BACKGROUND OF THE INVENTION1. Field of the Invention
The present invention relates to a method and apparatus for encoding and decoding residual data when performing scalable encoding and decoding of a video signal.
2. Description of the Related Art
Scalable Video Codec (SVC) is a scheme which encodes video into a sequence of pictures with the highest image quality while ensuring that part of the encoded picture sequence (specifically, a partial sequence of frames intermittently selected from the total sequence of frames) can be decoded and used to represent the video with a low image quality. Motion Compensated Temporal Filtering (MCTF) is an encoding scheme that has been suggested for use in the scalable video codec.
Although it is possible to represent low image-quality video by receiving and processing part of a sequence of pictures encoded in the scalable MCTF coding scheme as described above, there is still a problem in that the image quality is significantly reduced if the bitrate is lowered. One solution to this problem is to provide an auxiliary picture sequence for low bitrates, for example, a sequence of pictures that have a small screen size and/or a low frame rate.

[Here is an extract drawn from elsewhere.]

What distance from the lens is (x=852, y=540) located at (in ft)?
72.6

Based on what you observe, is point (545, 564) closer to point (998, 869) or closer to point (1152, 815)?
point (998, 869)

The auxiliary picture sequence is referred to as a base layer, and the main picture sequence is referred to as an enhanced or enhancement layer. Video signals of the base and enhanced layers have redundancy since the same video signal source is encoded into two layers. To increase the coding efficiency of the enhanced layer according to the MCTF scheme, one method converts each video frame of the enhanced layer into a predictive image based on a video frame of the base layer temporally coincident with the enhanced layer video frame. Another method codes motion vectors of a picture in the enhanced layer using motion vectors of a picture in the base layer temporally coincident with the enhanced layer picture.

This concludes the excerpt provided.